On Monday, December 6, 2021, the U.S. Supreme Court will hear oral argument in an important case titled Hughes v Northwestern University, which provides the Court an opportunity to improve the lives of countless retirement savers by giving them a chance to hold those who administer retirement plans accountable when they breach their fiduciary duties.
What we said: We joined in an amicus brief led by AARP in which we urged the Supreme Court to reverse the lower court’s decision, restore the plaintiffs’ claims, and give them a chance to prove their case. As we said in the brief, the lower court decision in the Seventh Circuit misinterprets the plan administrator’s duty to monitor investments and applies an unfair and overly stringent pleading standard.
Why it matters: Hughes is all the more important as the retirement crisis in this country intensifies and Americans increasingly rely on prudent administration of their 401(k)’s to close the gap between their savings and what they’ll need to maintain a decent retirement.

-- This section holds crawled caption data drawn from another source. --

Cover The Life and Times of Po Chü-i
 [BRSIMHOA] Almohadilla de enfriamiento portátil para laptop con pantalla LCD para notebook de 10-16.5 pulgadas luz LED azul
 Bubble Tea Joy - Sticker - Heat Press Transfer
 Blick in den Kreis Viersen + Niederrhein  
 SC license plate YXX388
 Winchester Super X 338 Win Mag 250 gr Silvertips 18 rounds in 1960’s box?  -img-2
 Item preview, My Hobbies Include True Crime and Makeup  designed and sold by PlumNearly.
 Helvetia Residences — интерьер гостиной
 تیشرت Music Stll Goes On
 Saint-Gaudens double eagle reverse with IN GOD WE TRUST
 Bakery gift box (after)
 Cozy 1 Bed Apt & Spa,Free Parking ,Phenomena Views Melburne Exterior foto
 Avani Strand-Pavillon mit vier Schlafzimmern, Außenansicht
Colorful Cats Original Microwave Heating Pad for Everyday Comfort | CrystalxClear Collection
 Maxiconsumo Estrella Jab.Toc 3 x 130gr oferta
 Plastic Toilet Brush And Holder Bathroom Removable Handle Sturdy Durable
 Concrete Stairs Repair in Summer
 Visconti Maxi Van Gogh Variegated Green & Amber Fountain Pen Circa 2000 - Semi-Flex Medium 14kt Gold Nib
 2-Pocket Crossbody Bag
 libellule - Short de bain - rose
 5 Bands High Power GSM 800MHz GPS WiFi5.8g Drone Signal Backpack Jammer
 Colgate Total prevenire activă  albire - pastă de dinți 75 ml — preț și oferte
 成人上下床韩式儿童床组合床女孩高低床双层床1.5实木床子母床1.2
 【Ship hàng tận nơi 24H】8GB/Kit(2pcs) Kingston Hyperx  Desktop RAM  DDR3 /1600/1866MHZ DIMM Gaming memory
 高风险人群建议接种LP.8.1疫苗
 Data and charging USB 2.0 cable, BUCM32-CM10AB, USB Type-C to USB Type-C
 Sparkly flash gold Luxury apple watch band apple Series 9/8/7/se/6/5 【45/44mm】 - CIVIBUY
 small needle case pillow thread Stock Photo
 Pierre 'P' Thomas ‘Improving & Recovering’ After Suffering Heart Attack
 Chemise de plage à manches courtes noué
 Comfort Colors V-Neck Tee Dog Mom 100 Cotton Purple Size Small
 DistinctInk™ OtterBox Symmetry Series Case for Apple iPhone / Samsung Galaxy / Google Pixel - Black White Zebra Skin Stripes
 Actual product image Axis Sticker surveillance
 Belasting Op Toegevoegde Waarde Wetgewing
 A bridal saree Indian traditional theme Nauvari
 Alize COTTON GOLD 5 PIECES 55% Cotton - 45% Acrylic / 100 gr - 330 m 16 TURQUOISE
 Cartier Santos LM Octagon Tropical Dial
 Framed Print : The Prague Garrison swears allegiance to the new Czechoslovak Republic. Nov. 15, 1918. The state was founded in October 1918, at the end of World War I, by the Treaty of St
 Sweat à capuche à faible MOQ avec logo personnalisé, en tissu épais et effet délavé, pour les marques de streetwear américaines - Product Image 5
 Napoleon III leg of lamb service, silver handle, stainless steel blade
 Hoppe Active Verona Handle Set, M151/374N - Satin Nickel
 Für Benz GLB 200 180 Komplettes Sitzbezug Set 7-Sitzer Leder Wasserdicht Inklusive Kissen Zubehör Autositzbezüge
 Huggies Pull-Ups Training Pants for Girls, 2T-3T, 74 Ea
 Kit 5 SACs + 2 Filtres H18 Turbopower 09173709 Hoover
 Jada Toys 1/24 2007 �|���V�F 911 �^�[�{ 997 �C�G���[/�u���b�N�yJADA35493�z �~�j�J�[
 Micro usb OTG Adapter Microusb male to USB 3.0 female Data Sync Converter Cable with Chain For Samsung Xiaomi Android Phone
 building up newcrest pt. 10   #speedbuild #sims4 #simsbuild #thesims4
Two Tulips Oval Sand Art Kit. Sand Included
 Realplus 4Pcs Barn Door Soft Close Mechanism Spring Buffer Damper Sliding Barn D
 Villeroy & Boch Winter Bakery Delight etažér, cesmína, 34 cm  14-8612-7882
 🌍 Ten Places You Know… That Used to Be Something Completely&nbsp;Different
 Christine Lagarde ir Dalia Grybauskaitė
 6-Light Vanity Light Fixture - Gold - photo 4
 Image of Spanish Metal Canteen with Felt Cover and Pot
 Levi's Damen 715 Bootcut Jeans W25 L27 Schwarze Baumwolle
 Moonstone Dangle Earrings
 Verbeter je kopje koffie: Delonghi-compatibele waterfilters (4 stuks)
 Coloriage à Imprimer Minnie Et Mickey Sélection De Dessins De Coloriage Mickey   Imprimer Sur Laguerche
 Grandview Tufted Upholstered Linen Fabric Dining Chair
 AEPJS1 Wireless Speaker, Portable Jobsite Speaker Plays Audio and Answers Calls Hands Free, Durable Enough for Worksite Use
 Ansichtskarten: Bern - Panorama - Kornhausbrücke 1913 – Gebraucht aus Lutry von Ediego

Bottom line: If the Supreme Court affirms dismissal of the plaintiffs’ complaint in this case, those victims of fiduciary misconduct will suffer irreparable harm. More broadly, other retirement plan participants sustaining similar forms of injury in the future will face higher hurdles to obtain relief. The upshot would be doubly damaging: It would relax the incentives that are necessary to ensure compliance with the high fiduciary standard embodied in ERISA, and it would thwart Congress’s goal of affording victims of abuse under ERISA ready access to the federal courts to seek relief.